私の母が四十四歳で急逝した事を聞いた、母の女子部時代のご友人の皆様が、「偲ぶ」と題して文集を作って下さいました。本当にありがたい限りです。せっかく書いて頂いたので、皆様に読んでいただきたいと思い、お載せさせて頂く事にしました。よかったら読んで下さい。
はじめに
私達の先輩であり、青春時代の最高の友人であった篤子さまが六月二十三日にお亡くなりになられましたことに対して、ここに深く哀悼の意を表すると共に、生前どれほど多くの同志が、篤子さまのほほえみに勇気づけられたことか、感謝の言葉もありません。

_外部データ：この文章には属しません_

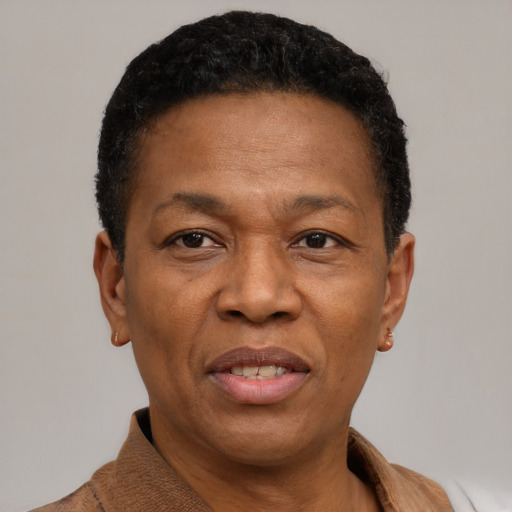 Joyful black adult male with short  black hair and brown eyes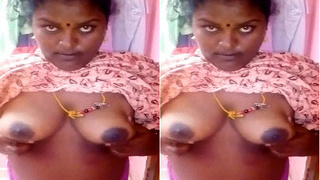 Indian wife flaunts her breasts in explicit video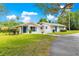 Single-story home featuring turquoise shutters and a door, complemented by a lush green lawn and paved driveway at 2475 Sw 7Th Ave, Ocala, FL 34471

私は少しく篤子さまとはおつきあいをさせていただいておりましたので、篤子様死去の報を身近の友人におはなし致しました。誰もが信ぜずただ ぼう然とするばかりで、そして一様に篤子さまのすばらしい青春時代の戦い ”平(たいら)一六九部隊長” の思い出を語り続けてくださるのでした。今なお、篤子様を慕い、尊敬し続けて居る 多くの同志の声をここにまとめることができました。ありがとうございました。
なお、小冊子作成にあたり、皆様にお送りしました「お手紙」の原文そのままを写させていただきますことをご了承下さい。
拝啓
盛夏の候 皆々様にはますますご健勝の事とお喜び申し上げます。
過日は戸田先生の出獄記念日を迎え、又 初めて福島の地で本部幹部会が開催されるなと意義深き七月、皆さまにおかれましては広布推進の㐧一線で見事なるご活躍をなさっておる事と存じます。
さて、すでにお聞き及びのことかと思いますが、私達の先輩であり、姉妹の如く青春時代を共に広布の庭で戦って来られました 成田篤子様(旧姓 斎藤)が去る六月二十三日お亡くなりになりました。余りにも悲しい突然の報にただ ぼう然とするばかりで、虚脱感が全身をつきぬけてゆく思いです。
二十八日のご葬儀は会長のご名代として、館岡副会長が見えられ、多くの同志の見守るなかで厳粛な中にも、生前の篤子様の優しさと偉大さがそこかしこにしのばれる見事な葬儀でした。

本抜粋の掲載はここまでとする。